┌──
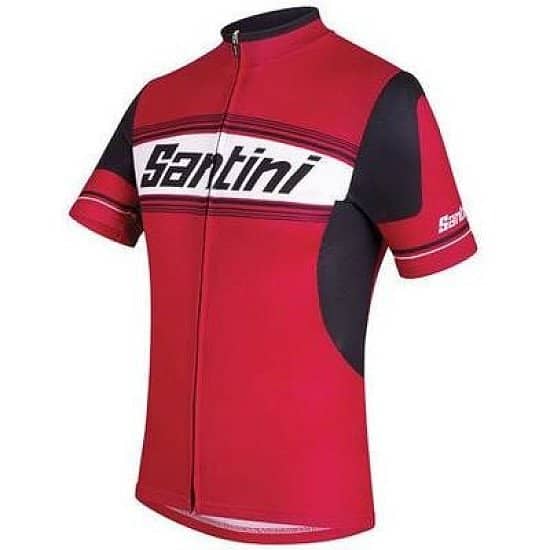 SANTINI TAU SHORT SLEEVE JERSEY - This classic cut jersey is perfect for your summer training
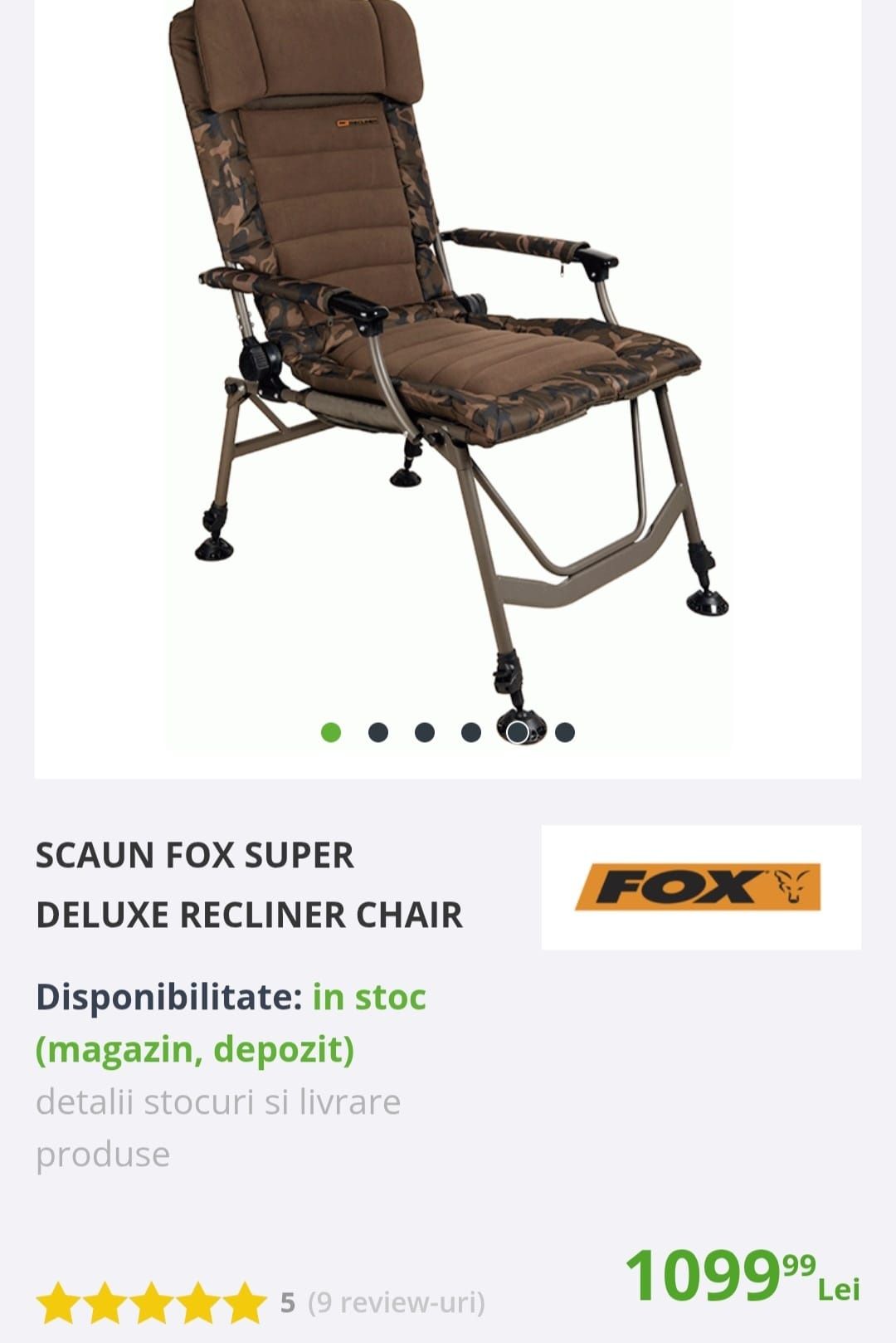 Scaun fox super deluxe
└──
┌──
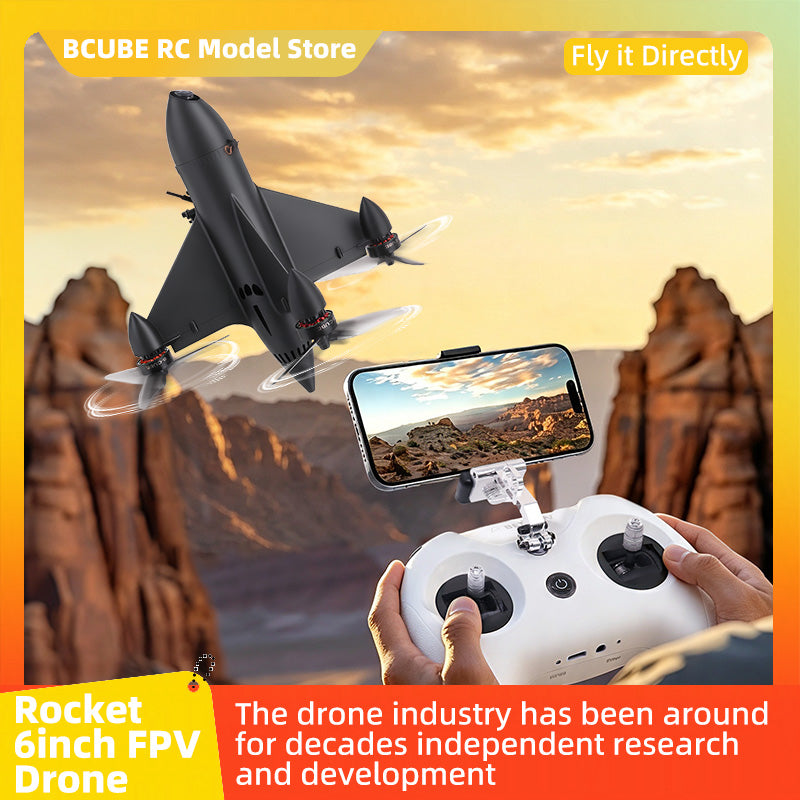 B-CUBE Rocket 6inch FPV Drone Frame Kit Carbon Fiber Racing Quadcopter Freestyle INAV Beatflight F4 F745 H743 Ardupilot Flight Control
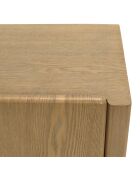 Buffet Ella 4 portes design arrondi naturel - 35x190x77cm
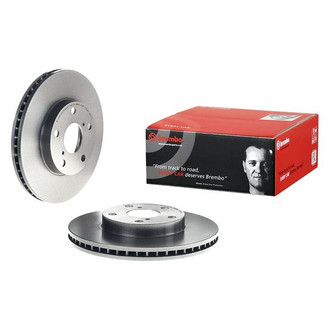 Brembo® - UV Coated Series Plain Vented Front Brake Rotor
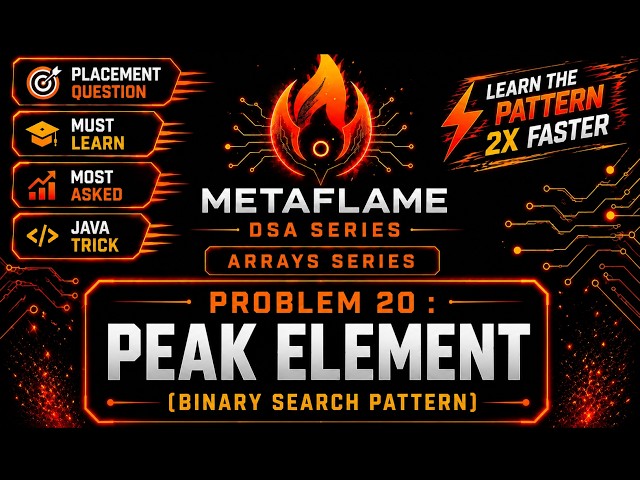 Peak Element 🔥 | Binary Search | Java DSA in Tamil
└──
┌──
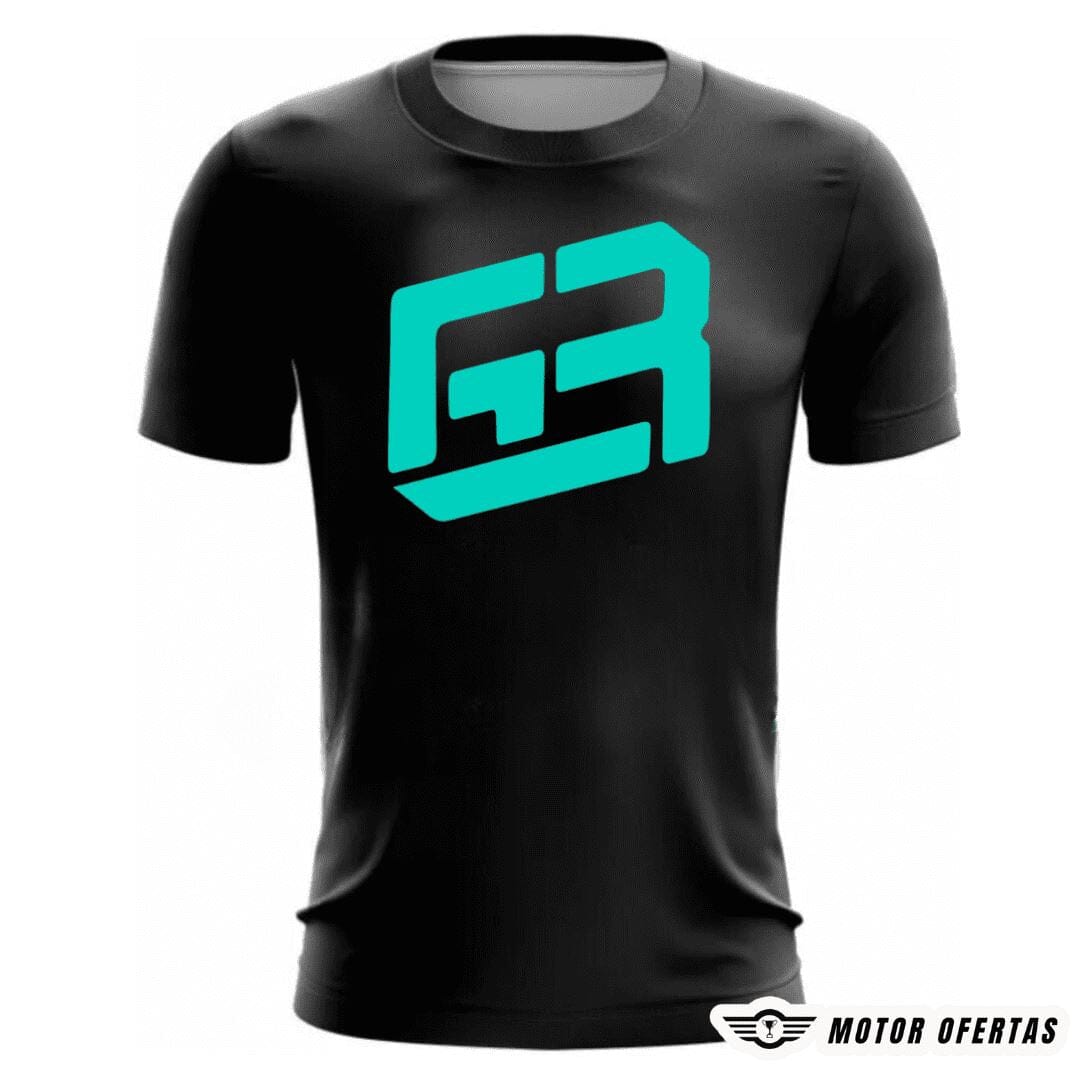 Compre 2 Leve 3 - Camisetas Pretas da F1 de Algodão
└──
- [Goal of the exercise]: Print everything from the line with "Buffet Ella 4" down to the line with "Peak Element 🔥" in the entries above, both lines included and nothing more, without the pictures.

- [Answer]:
 Buffet Ella 4 portes design arrondi naturel - 35x190x77cm
 Brembo® - UV Coated Series Plain Vented Front Brake Rotor
 Peak Element 🔥 | Binary Search | Java DSA in Tamil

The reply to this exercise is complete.